>>
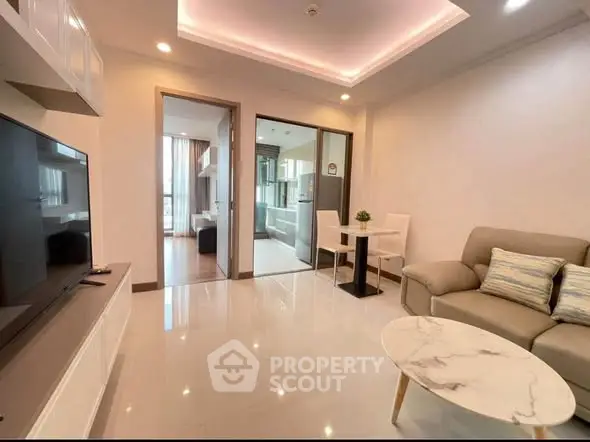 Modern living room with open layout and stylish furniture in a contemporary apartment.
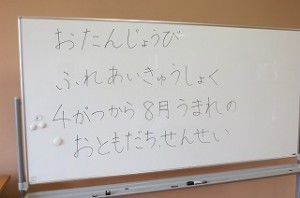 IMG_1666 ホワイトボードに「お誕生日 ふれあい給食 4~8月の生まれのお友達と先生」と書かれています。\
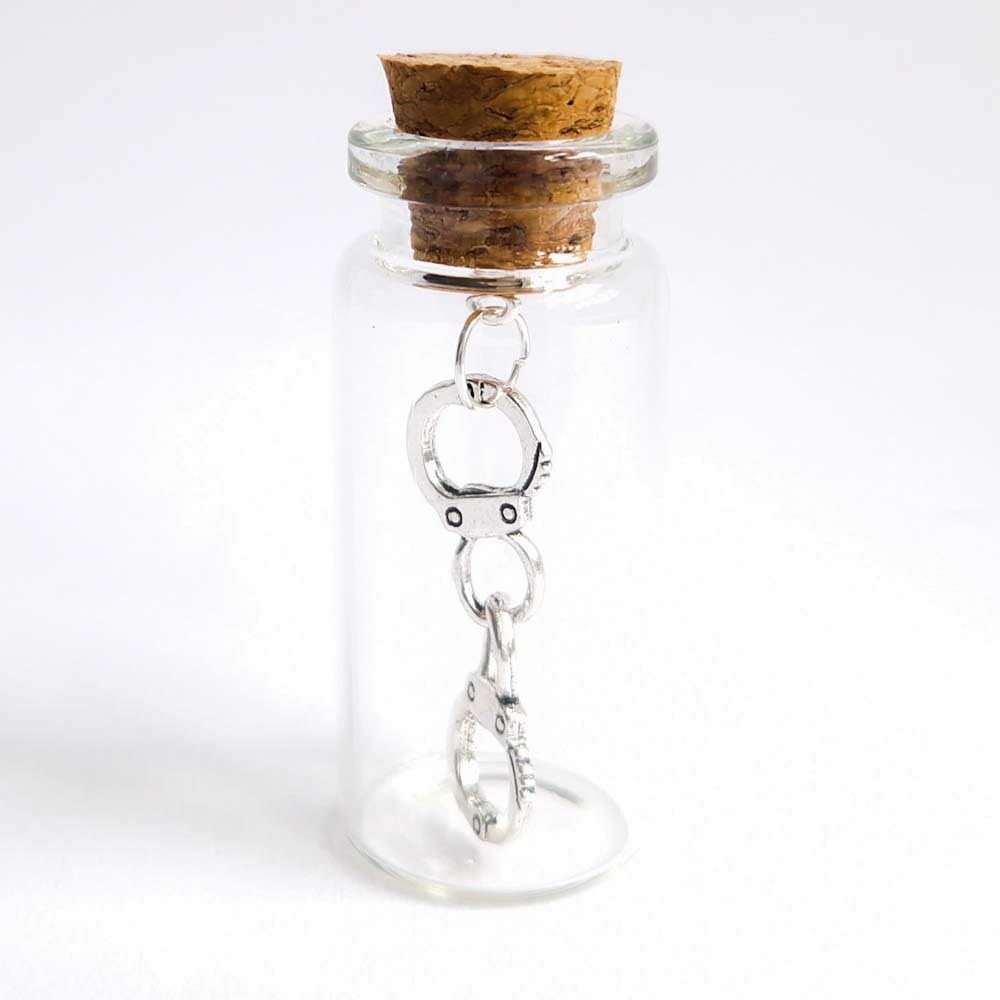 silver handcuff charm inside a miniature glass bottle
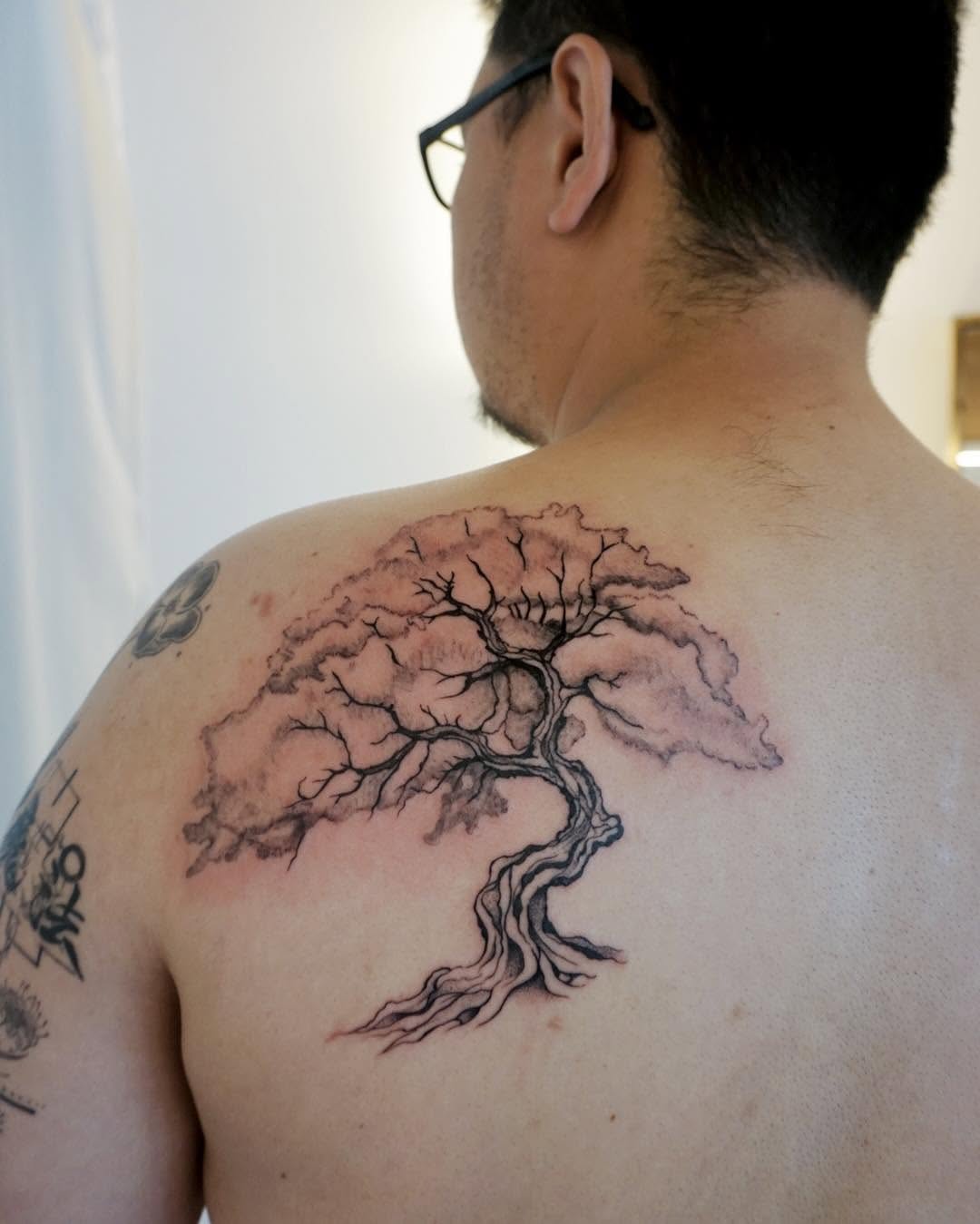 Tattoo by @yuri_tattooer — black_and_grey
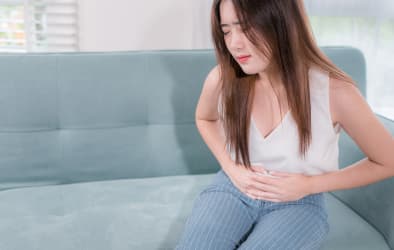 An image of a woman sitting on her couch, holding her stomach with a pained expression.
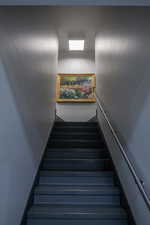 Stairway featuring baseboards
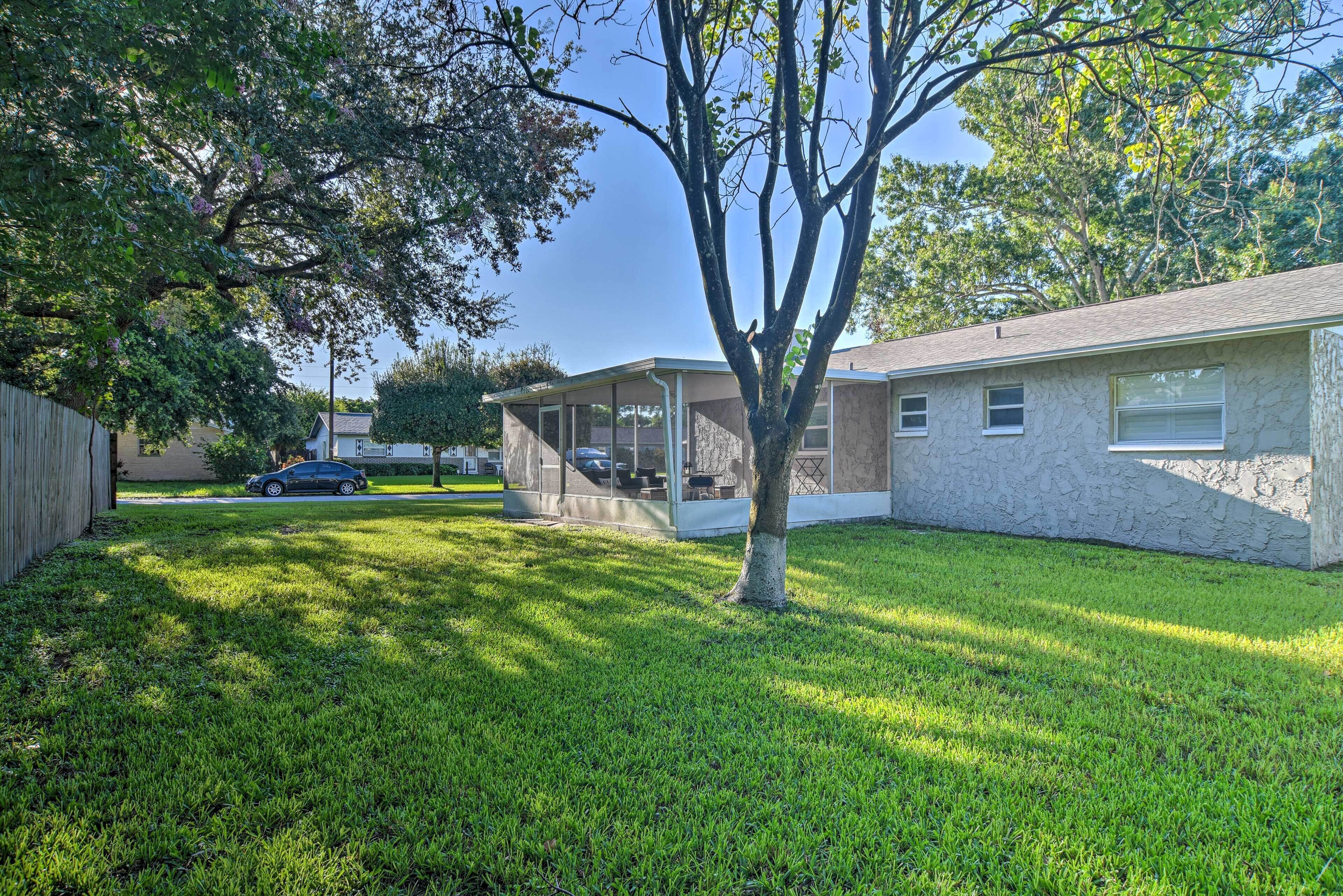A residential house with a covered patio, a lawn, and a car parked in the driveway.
<<
>>
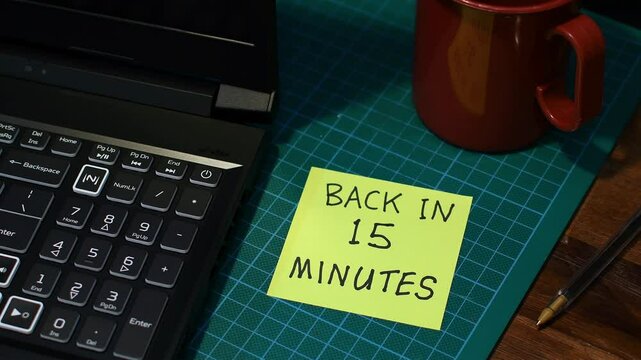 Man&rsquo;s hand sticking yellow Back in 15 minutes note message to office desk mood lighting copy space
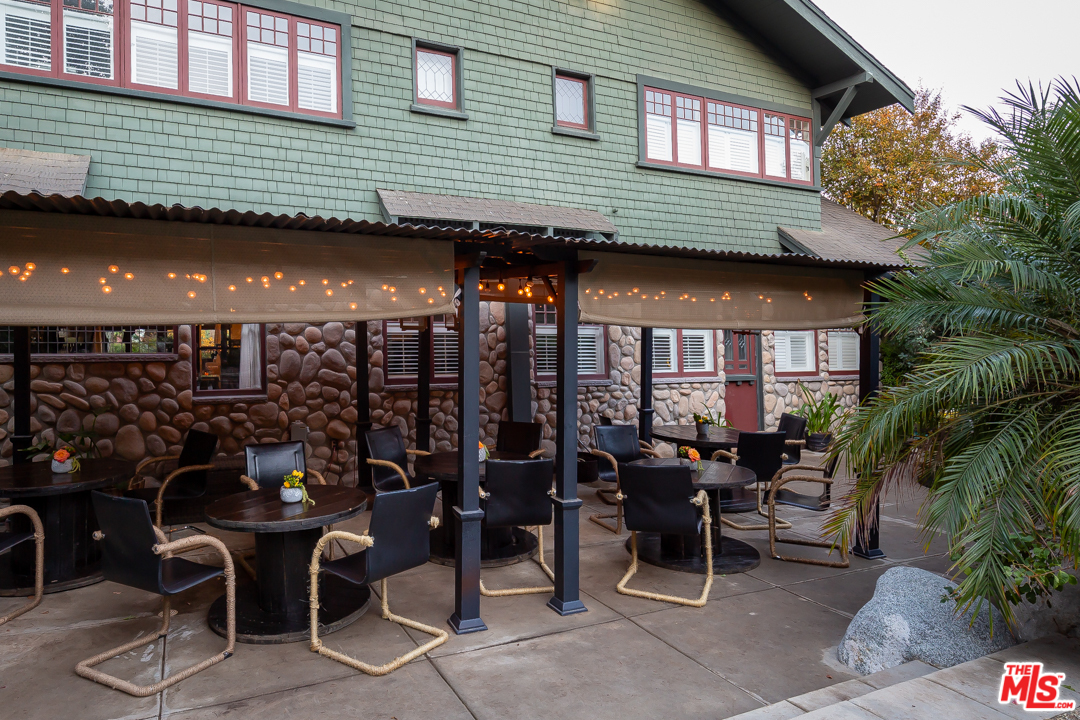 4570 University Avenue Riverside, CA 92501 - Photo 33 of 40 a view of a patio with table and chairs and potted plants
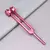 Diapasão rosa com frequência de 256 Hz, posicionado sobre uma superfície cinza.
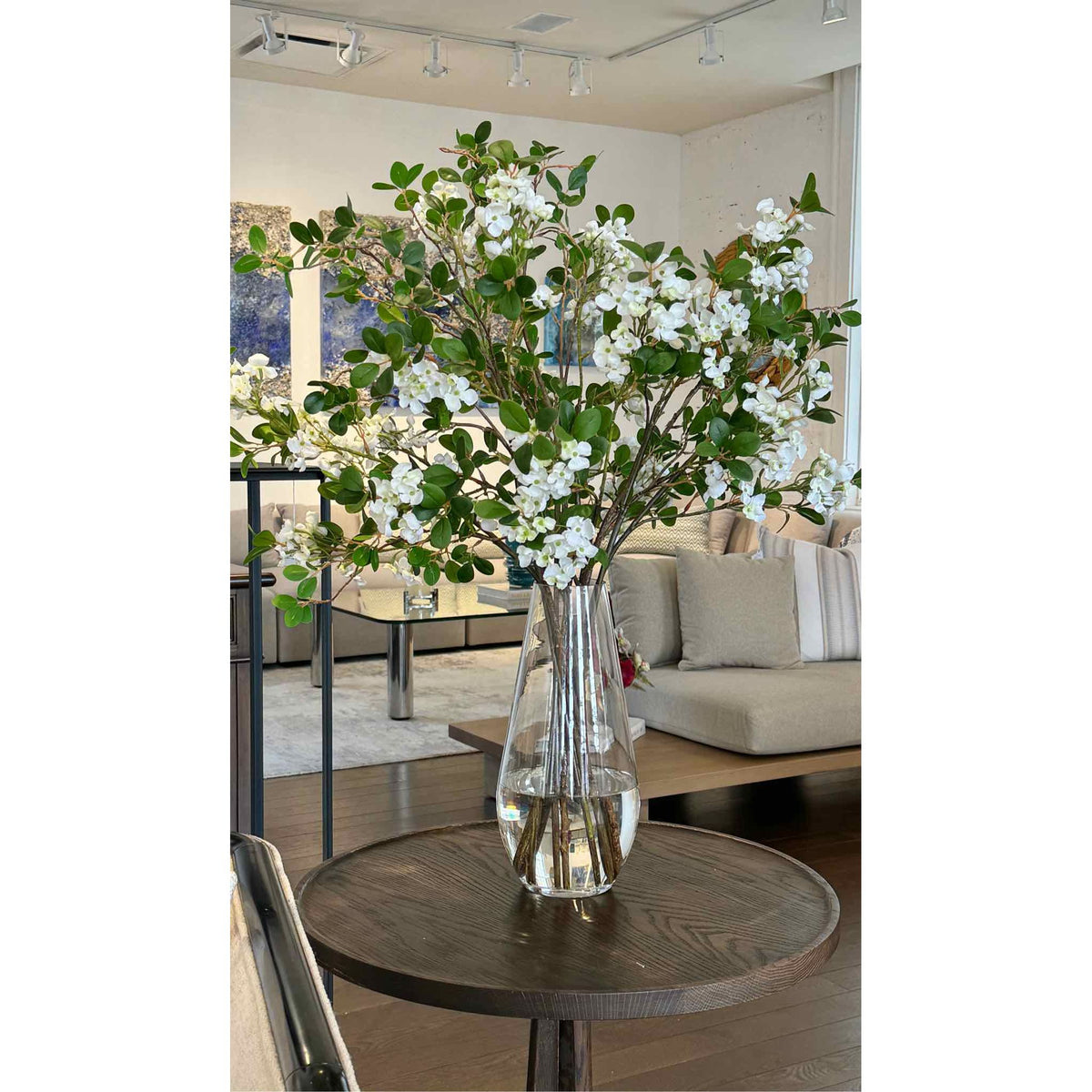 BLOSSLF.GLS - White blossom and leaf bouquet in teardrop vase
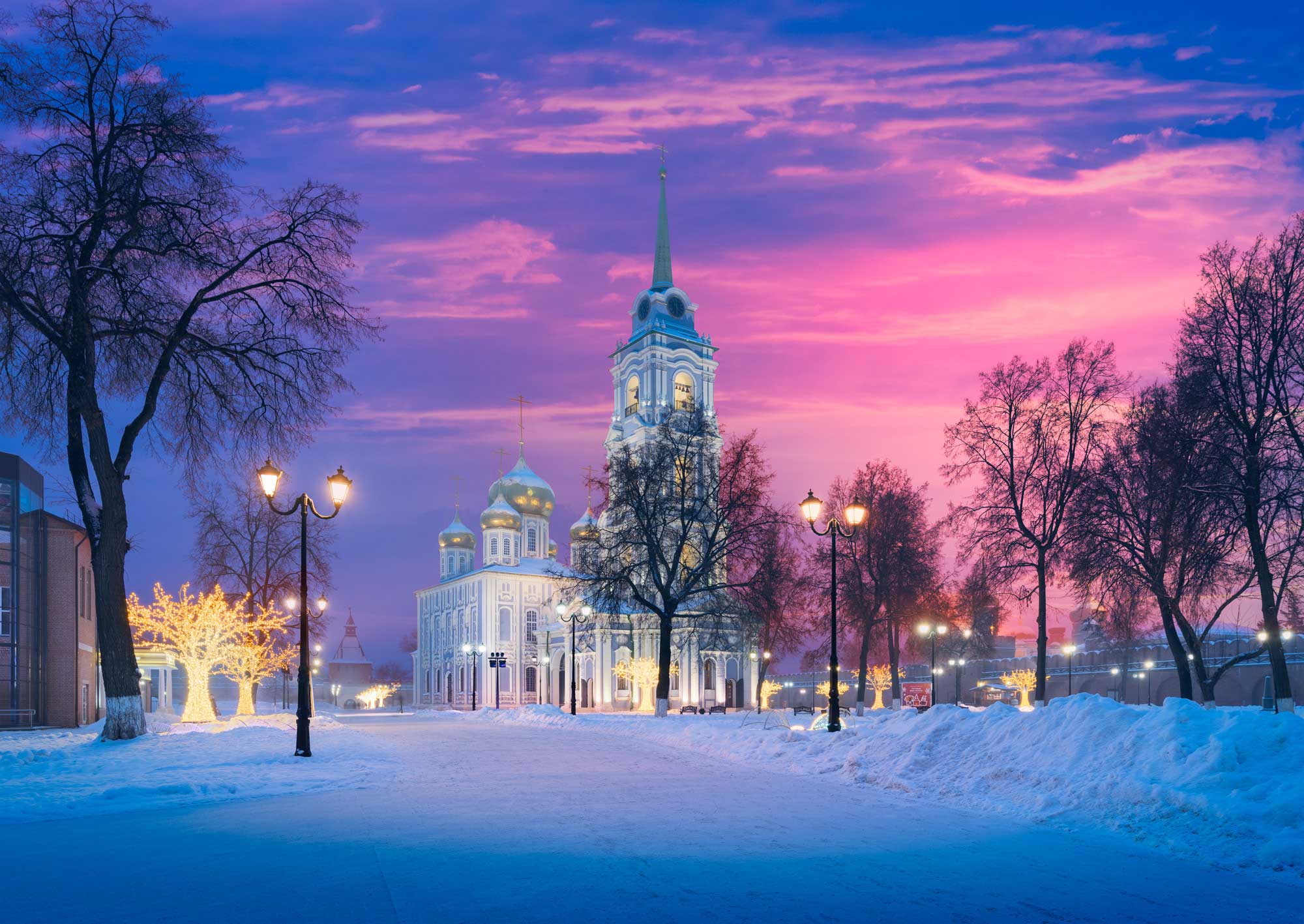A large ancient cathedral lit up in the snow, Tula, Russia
<<
>>
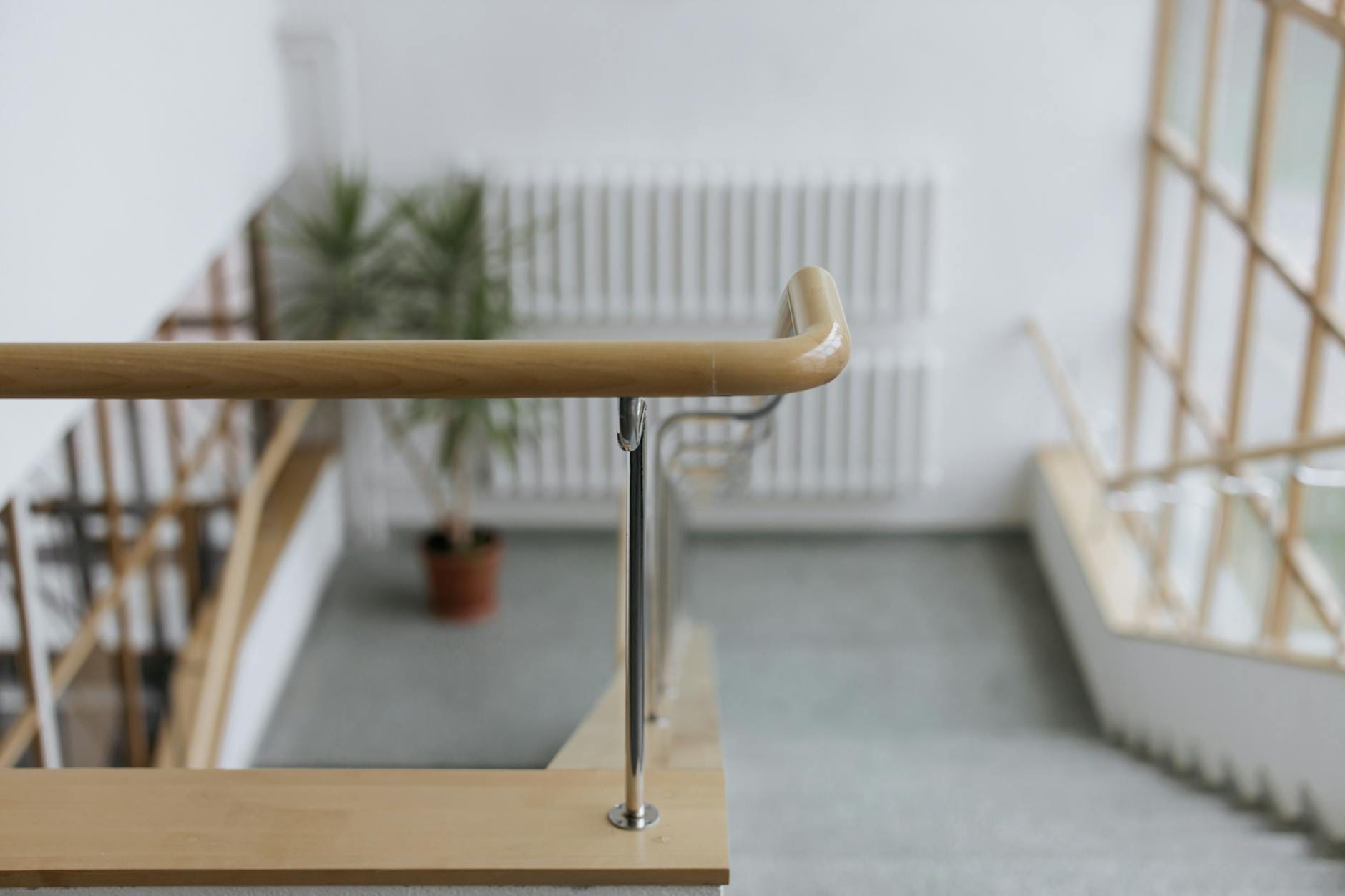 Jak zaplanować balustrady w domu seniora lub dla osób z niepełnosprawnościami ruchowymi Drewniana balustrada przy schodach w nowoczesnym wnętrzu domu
<<
DESCRIPTION OF THE TASK → From the records above, output only the lines starting at the one containing "Tattoo by @yuri_tattooer — black_and_grey" and ending at the one containing "A residential house", word for word. Pictures stay out.

EXERCISE RESPONSE →
 Tattoo by @yuri_tattooer — black_and_grey
 An image of a woman sitting on her couch, holding her stomach with a pained expression.
 Stairway featuring baseboards
A residential house with a covered patio, a lawn, and a car parked in the driveway.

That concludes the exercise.